# Hyperbolic Geometry

by Praxisseiz
Tags: geometry, hyperbolic
 P: 3 Greetings PF, I do very much love lurking these forums for countless hours of leisure brain twisting. Infinite thanks for that. A very simple question for you all. I believe the answer is 'true', however, I'm not formally educated in mathematics, so I feel a bit like I'm grabbing at straws here. Is this statement true? Euclidean geometry helps describe 3 dimensions in a 2 dimensional space whereas hyperbolic geometry helps describe 4 dimensions in a 3 dimensional space. Can anyone off the top of their heads suggest further readings to develop a basic grasp of hyperbolic math? Especially as it relates to classical geometry such as, trig, calc and their included theorems. I'm finding it difficult to connect the dots myself especially in the sense of how sin relates to sinh, cos to cosh, et. al. TIA P!
 P: 607 False. Or maybe nonsensical.
P: 587
 Quote by Praxisseiz Euclidean geometry helps describe 3 dimensions in a 2 dimensional space whereas hyperbolic geometry helps describe 4 dimensions in a 3 dimensional space.
I don't think I understand what you mean.
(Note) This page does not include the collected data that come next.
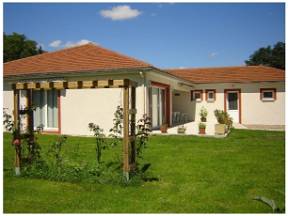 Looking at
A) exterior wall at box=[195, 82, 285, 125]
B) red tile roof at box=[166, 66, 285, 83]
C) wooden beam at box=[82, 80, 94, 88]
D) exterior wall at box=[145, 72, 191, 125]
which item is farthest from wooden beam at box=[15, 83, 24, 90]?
exterior wall at box=[195, 82, 285, 125]

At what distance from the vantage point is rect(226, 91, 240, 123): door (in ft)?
78.6

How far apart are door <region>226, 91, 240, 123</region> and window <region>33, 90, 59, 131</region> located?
43.4ft

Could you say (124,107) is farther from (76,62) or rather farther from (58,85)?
(76,62)

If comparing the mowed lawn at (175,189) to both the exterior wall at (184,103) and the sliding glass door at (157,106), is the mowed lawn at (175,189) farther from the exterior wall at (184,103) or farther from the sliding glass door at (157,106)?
the exterior wall at (184,103)

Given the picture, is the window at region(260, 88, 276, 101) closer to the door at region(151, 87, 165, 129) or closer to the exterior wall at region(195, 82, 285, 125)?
the exterior wall at region(195, 82, 285, 125)

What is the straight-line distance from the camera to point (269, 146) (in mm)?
11938

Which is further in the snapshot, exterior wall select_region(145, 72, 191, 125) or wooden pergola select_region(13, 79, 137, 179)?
exterior wall select_region(145, 72, 191, 125)

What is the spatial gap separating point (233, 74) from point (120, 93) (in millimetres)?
12916

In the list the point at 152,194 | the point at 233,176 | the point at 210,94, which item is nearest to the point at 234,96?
the point at 210,94

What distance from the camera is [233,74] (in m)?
25.1

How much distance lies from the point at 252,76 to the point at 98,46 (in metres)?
12.1

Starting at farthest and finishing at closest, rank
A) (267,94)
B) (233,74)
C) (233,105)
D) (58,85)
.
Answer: (233,74) < (233,105) < (267,94) < (58,85)

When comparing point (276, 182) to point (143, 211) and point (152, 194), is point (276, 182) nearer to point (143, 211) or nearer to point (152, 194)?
point (152, 194)

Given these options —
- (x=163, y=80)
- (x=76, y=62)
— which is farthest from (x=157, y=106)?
(x=76, y=62) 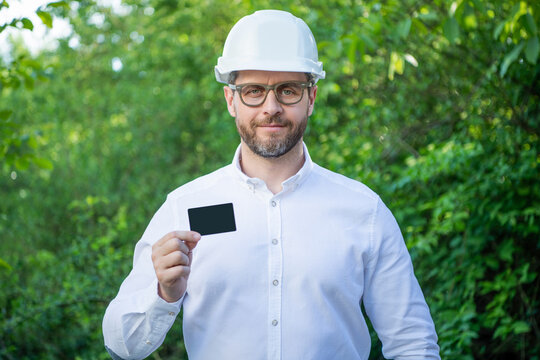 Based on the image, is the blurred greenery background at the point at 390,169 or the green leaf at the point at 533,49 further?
the blurred greenery background at the point at 390,169

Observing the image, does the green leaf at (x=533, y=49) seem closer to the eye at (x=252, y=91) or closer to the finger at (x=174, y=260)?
the eye at (x=252, y=91)

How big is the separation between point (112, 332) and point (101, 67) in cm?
913

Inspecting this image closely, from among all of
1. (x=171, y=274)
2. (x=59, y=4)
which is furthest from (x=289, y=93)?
(x=59, y=4)

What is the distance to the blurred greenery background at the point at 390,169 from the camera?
3516mm

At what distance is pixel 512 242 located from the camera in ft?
12.3

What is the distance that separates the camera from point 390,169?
14.5 feet

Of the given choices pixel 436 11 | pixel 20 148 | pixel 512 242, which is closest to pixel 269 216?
pixel 20 148

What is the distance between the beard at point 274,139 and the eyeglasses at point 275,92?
0.25 feet

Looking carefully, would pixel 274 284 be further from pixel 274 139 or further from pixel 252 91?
pixel 252 91

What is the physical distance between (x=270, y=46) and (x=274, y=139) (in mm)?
357

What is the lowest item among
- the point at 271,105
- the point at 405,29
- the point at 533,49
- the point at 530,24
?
the point at 271,105

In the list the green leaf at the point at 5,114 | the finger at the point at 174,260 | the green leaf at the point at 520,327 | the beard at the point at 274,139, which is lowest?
the green leaf at the point at 520,327

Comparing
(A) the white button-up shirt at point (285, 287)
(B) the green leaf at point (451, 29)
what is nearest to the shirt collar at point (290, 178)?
(A) the white button-up shirt at point (285, 287)

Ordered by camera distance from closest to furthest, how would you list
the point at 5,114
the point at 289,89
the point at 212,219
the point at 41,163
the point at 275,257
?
the point at 212,219 < the point at 275,257 < the point at 289,89 < the point at 5,114 < the point at 41,163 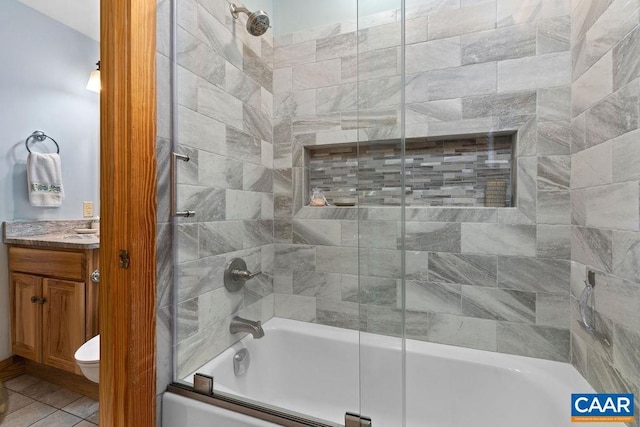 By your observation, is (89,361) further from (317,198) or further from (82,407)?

There is an n-dimensional hyperbolic geometry for any n >= 1, just as there is an n-dimensional euclidean geometry for any n >= 1.

In general though n-dimensional hyperbolic geometry can be thought of as geometry on the boundary of a hyperboloid (a generalized hyperbola) in (n+1)-dimensional euclidean space.

 Can anyone off the top of their heads suggest further readings to develop a basic grasp of hyperbolic math?
Here is a free online textbook I found helpful. (It is one of the references on the wikipedia page for "hyperbolic geometry".) If you read this book you may want to be aware that when they refer to the "interior of the disc model" they are talking about what other people would call the "Poincare disc".

 Especially as it relates to classical geometry such as, trig, calc and their included theorems. I'm finding it difficult to connect the dots myself especially in the sense of how sin relates to sinh, cos to cosh, et. al.
Have you tried reading the material on wikipedia and Wolfram Mathworld? Some of it is very good. Wikipedia describes the relationship between sin/sinh etc using the analogy of a parametric function:

 Just as the points (cos t, sin t) form a circle with a unit radius, the points (cosh t, sinh t) form the right half of the equilateral hyperbola.